This is a note I put up on the Societies for the History of Economics website last night.
So far as I can tell, aside from Robert Owen’s New Lanark – which is now a World Heritage Site – there are no historic sites that one would associate with the study of economics. Yet there is, in fact, one that ought to be preserved in just the same way, both because of its association with one the greatest economists of all time and also because of its on-site interest as a place in which, even now, one can trace out the contours of the industrial revolution from the earliest years of the nineteenth century almost right down to the present. I refer here to the textile mill that was set up by Jean-Baptiste Say following his exile from Paris in 1805 at the hands of Napoleon.
Auchy-lès-Hesdin is a small village, and to be quite technical about it, is found in the Pas-de-Calais department and Nord-Pas-de-Calais region of France. Say, who had been a journalist and writer, having refused to alter the text of his Treatise to suit Napoleon’s statist demands, went off to Auchy to start a textile mill. He went there because by the river sat an old abbey that had one specific feature, a waterfall which could be harnessed to run the machinery of the mill. The waterfall is still there, as are most of the buildings that were subsequently built on the site (but not the original abbey). These include the power plant that used to generate the steam when steam replaced water, and even more remarkably, an electric generator that was used even later that was driven by diverting the river past a water wheel.
There is also the “Château Blanc”, a massive three-storey house that Say commissioned to be built but which he never lived in since by 1813 he was able to return to Paris. There are also worker’s cottages nearby which are still lived in. So what we find, if you will excuse my enthusiasm, is a kind of Versailles for economists. The buildings are falling apart but are still intact. There is restoration work going on and there seems to be a determination to save this site for posterity if it can be done. But having just been there myself, I cannot tell you just how extraordinary it is. We on this discussion thread have an interest in history, and this is a kind of living history of the industrial revolution that is also a place of great interest because of its association with J.-B. Say.

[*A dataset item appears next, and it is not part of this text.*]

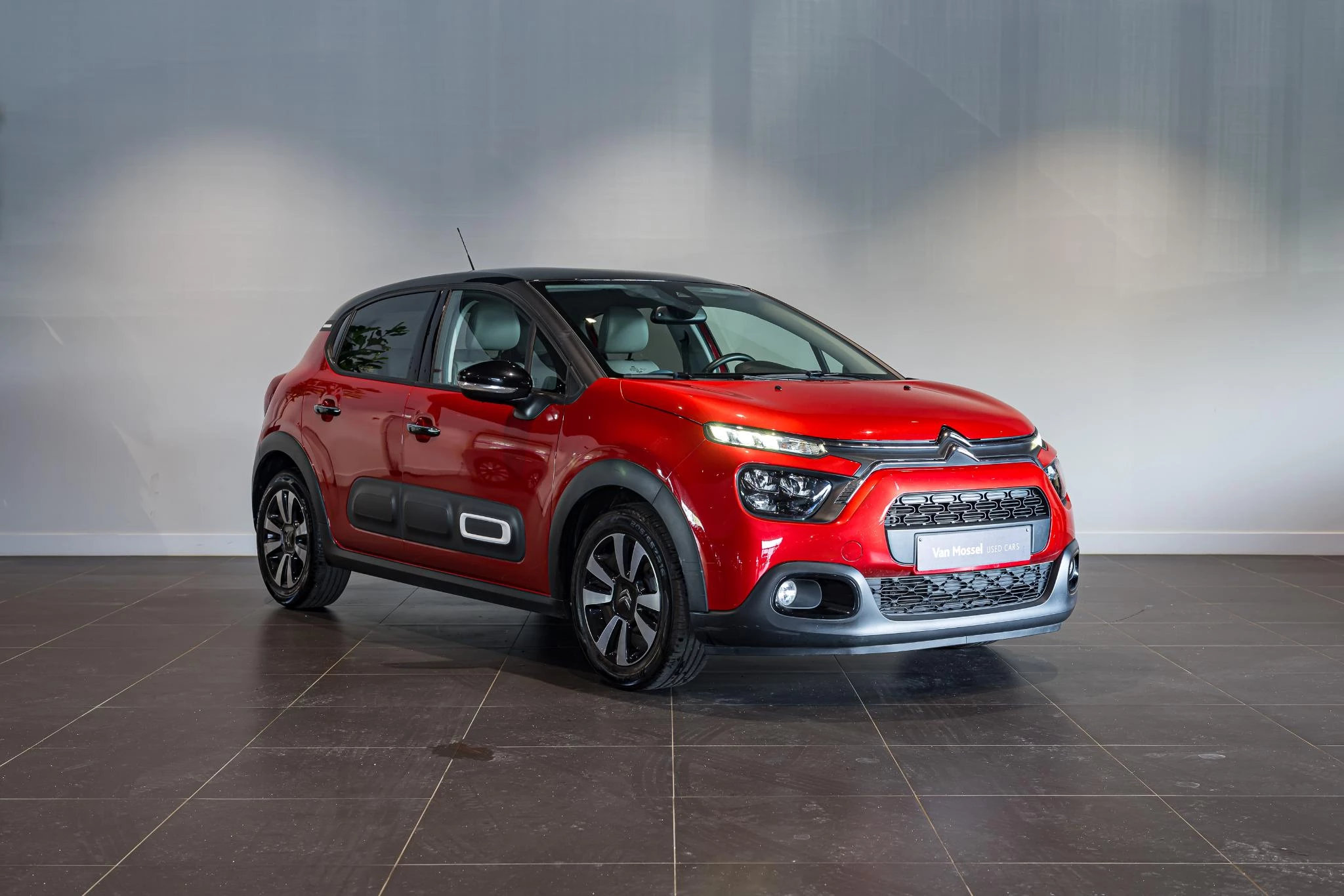Citroën C3 1.2 PureTech 110 S&S MAN6 Feel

At the moment, and I cannot tell you why, there is a collection of antique fire trucks housed in one of the buildings. But other possibilities are latent in how this site may be developed, including a museum for the history of economic thought. At the moment, there are some scattered artefacts associated with Say in place but things are at an early stage in thinking this through. I am off here in Australia but this is something that the European Society along with the UK Society should consider becoming closely involved with. And while it may not be politic to say it about a destination in France, as was pointed out by M. Zephyr Tilliette – who has written the history of Auchy and is an authority on all of this – the town lies midway between Azincourt and Crécy. It is also is a short drive from the Calais and Chunnel crossing points.
If I may be allowed to say so, this is a place you should visit if you get the chance. The website I am told is coming, but in the meantime you can make arrangements to visit the site by phoning this number in Auchy: 06.45.49.59.29. You will not be disappointed.
For some idea what you will find if you go, see this, which is an invitation to join J.-B. Say’s Nexus, which is something you might also consider:
http://says.univ-littoral.fr/?page_id=112
And I would go one more step and also suggest that you might join the International Society Jean-Baptiste Say:
I would emphasise here that in participating in both, neither is in any way an endorsement of Say’s Law. This is about Say and his pioneering work on entrepreneurship and the entrepreneur. It is also about one of the great early works on economics which is still worth reading today. It is thus one more reminder how studying the history of economic thought is of benefit in making sense of how an economy works.